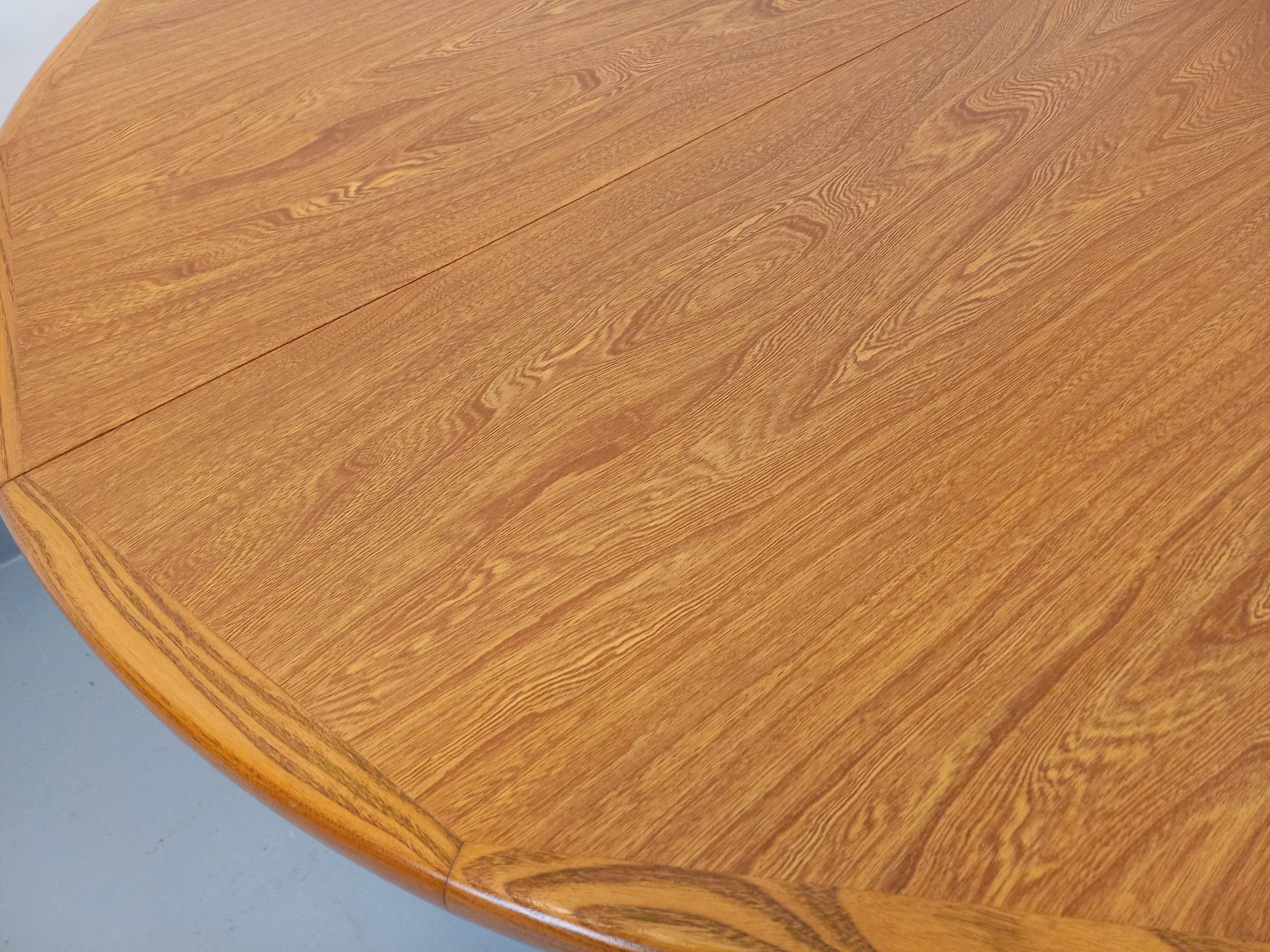 Vintage round dining table in Scandinavian style from the 60s and 70s in elm.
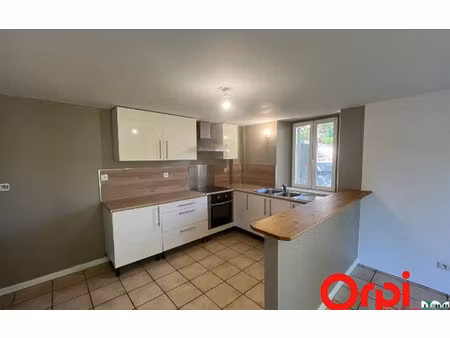 location maison  51.95 m² t-3 à boves  900 €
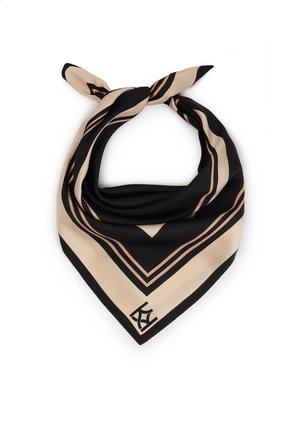 Foulard en soie avec un motif géométrique noir et beige, comportant des rayures diagonales et un logo de marque dans un coin. Forme triangulaire avec une texture lisse.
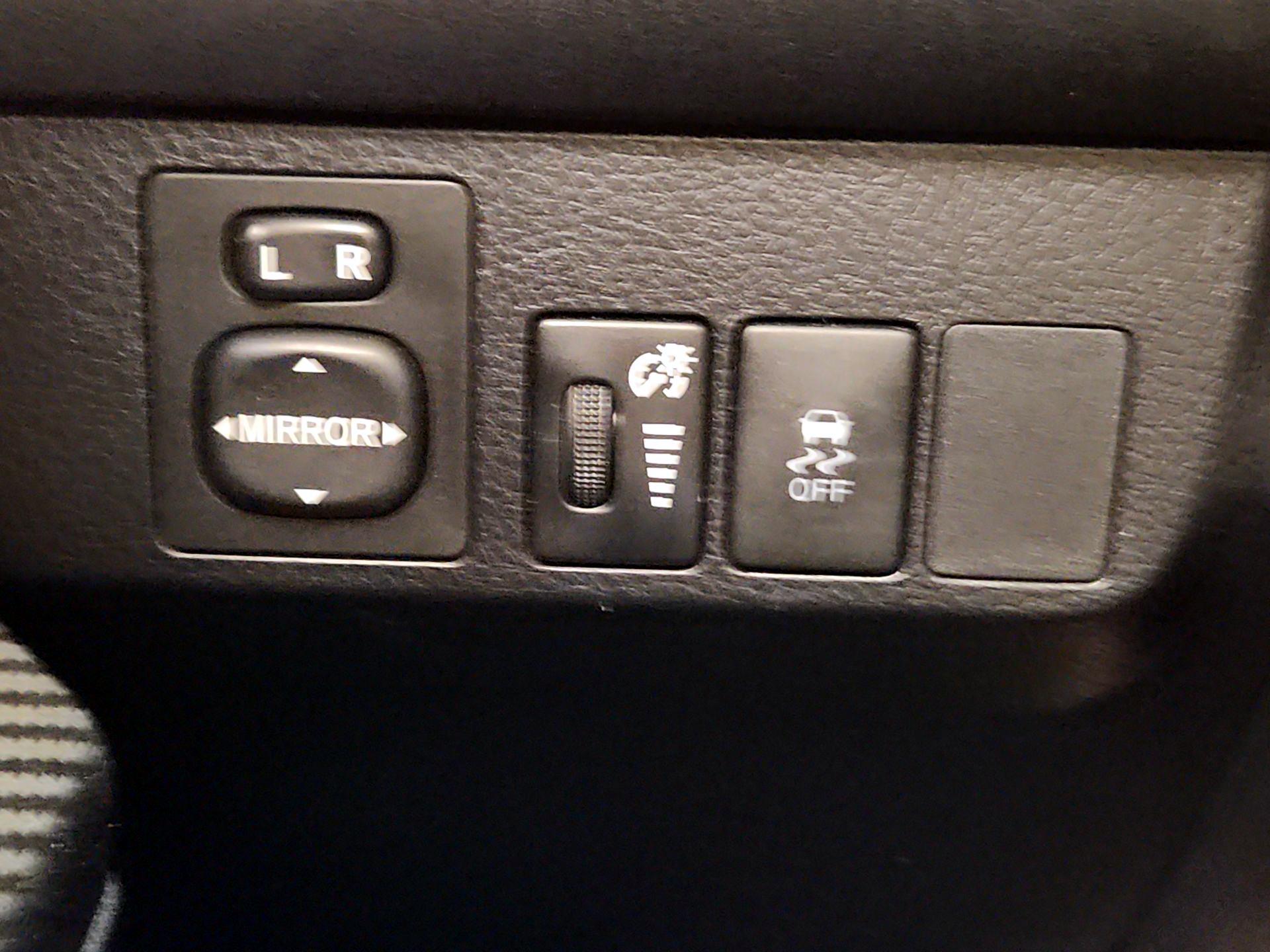 Thumbnail: 2015 Toyota RAV4 - 13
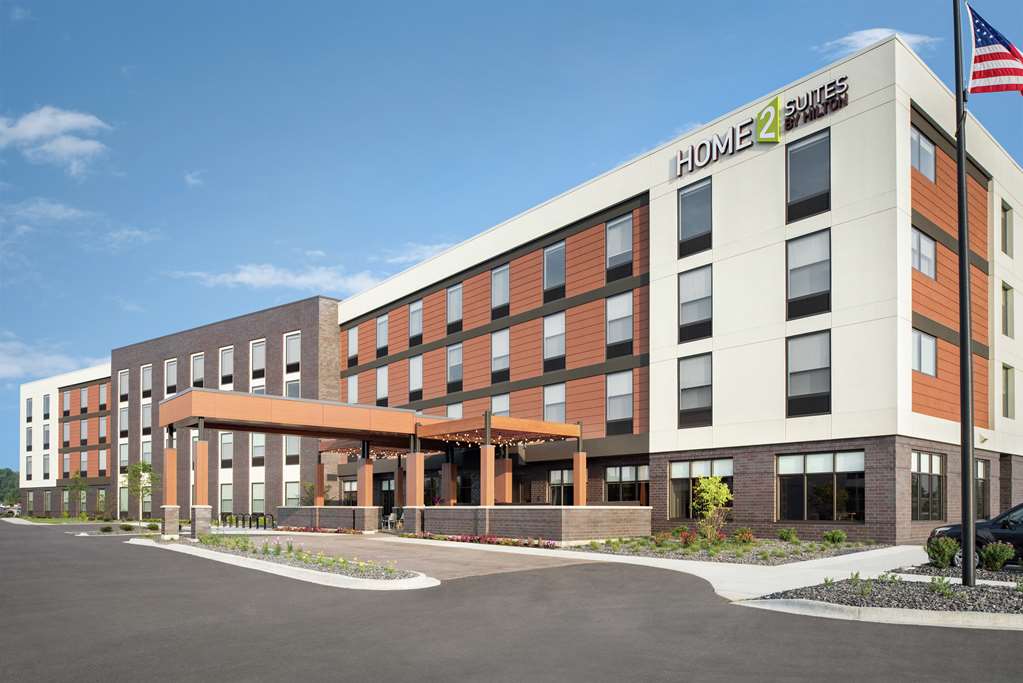 Home2 Suites by Hilton Madison Central Alliant Energy Center Logo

» **What to do**
Return all entries preceding this task exactly as they stand, leaving any picture out.

» **Exercise response**
 Vintage round dining table in Scandinavian style from the 60s and 70s in elm.
 location maison  51.95 m² t-3 à boves  900 €
 Foulard en soie avec un motif géométrique noir et beige, comportant des rayures diagonales et un logo de marque dans un coin. Forme triangulaire avec une texture lisse.
 Thumbnail: 2015 Toyota RAV4 - 13
 Home2 Suites by Hilton Madison Central Alliant Energy Center Logo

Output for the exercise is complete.